The issue with migrant workers has become probably the most prominent issue on social media as of late for Singaporeans. Distinguished ex-diplomat and international lawyer Professor Tommy Koh’s Facebook post specifically chastised the government for failing to ensure that employers had made sure the necessary precautions were taken (https://www.facebook.com/tommy.koh.752/posts/2477020985848840).

This certainly paints a different complexion on the ruling party’s electoral prospects. While just two weeks ago the PAP seemed destined to call elections by early April and surpass its 69.9% total vote share in the last election, it looks inconceivable that an election will be called till at least May.

Should they fail to stem the tide by affording adequate care, facilities and testing for the migrant workers, cases will likely continue to spike. Singapore may completely lose its title of the world’s model in how to tackle the coronavirus. This will have significant ramifications in how the PAP’s performance is measured, and consequently impact its electoral performance.

More than numbers and performance, there is something especially uncomfortable about the PAP government’s handling of the new clusters in the dormitories. There is the impression that the migrant workers were seen as second-class citizens, and were not deserving of the same care and attention.
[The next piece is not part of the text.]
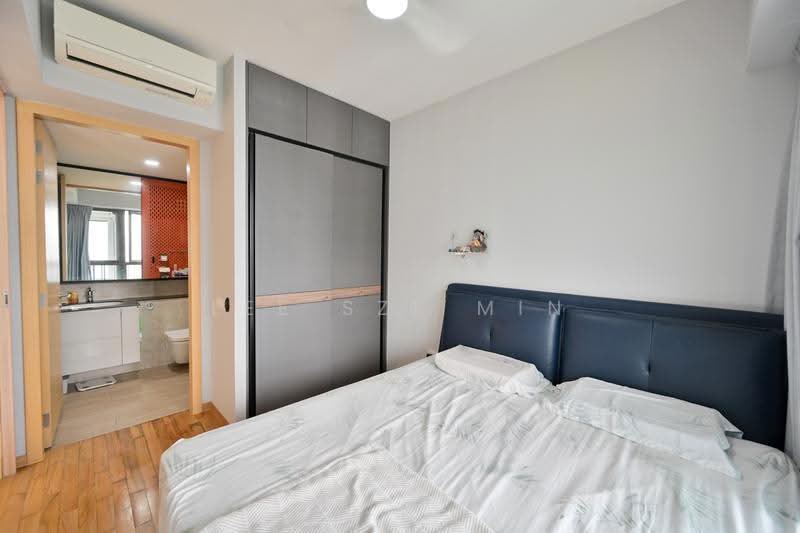 The Tre Ver, 60 Potong Pasir Avenue 1, Macpherson / Potong Pasir, 2 Bedrooms, 700 sqft, Condominium For Sale, by Lee Sze Min, 500267608 - Bedroom - PropertyGuru.com.sg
COVID-19 is a unique phenomenon, and in many ways serves as a test of a society’s treatment of its most vulnerable. Due to its highly contagious nature, the whole nation stands to suffer if anyone catches the virus. A country is only as strong as its weakest person, and this means that those previously invisible or those that occupy the lowest classes in society will eventually be case into the spotlight. Societies that take inequality seriously and take care of its most vulnerable would therefore continue to stand tall. Societies that erase those at the bottom, treating them as disposable or invisible, will be exposed.

In this regard, as things stand, the PAP has irrefutably failed this test. For the sake of everyone living within our borders, especially our migrant worker friends, the hope is that they can pull off a remarkable turnaround.